++++ Records for the task ++++

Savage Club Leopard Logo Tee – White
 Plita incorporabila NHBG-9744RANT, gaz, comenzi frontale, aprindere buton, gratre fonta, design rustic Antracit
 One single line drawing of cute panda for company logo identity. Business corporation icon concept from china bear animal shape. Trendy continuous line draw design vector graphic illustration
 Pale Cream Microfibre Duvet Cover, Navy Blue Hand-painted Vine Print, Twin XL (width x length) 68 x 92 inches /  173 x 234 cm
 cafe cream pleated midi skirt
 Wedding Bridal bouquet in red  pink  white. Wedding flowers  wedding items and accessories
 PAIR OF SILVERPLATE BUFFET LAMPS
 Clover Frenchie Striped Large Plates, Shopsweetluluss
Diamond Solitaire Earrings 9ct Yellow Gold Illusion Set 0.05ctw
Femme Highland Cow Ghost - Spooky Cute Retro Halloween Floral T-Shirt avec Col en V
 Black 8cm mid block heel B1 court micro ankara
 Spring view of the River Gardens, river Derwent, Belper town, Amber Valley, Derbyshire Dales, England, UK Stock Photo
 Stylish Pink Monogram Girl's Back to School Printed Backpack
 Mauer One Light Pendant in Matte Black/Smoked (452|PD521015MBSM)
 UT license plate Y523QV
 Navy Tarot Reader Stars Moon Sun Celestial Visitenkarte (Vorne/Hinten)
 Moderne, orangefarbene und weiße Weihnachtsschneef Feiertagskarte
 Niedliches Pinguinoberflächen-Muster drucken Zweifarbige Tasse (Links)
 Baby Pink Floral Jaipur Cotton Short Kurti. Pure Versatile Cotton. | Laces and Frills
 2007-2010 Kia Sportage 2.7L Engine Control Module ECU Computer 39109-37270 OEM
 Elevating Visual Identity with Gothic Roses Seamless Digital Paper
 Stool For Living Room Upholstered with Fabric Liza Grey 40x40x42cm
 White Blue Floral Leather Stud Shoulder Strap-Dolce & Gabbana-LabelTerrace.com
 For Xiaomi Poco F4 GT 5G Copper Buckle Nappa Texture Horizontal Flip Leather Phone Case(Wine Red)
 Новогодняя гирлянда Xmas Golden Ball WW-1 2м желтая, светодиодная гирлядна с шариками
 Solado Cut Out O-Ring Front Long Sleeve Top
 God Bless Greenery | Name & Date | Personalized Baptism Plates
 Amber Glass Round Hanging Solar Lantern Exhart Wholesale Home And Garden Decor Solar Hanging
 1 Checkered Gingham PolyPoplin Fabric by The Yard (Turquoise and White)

++++

**Task to complete**
Now copy each line of the entries that mentions "Fabric".

**Task solution**
 Stool For Living Room Upholstered with Fabric Liza Grey 40x40x42cm
 1 Checkered Gingham PolyPoplin Fabric by The Yard (Turquoise and White)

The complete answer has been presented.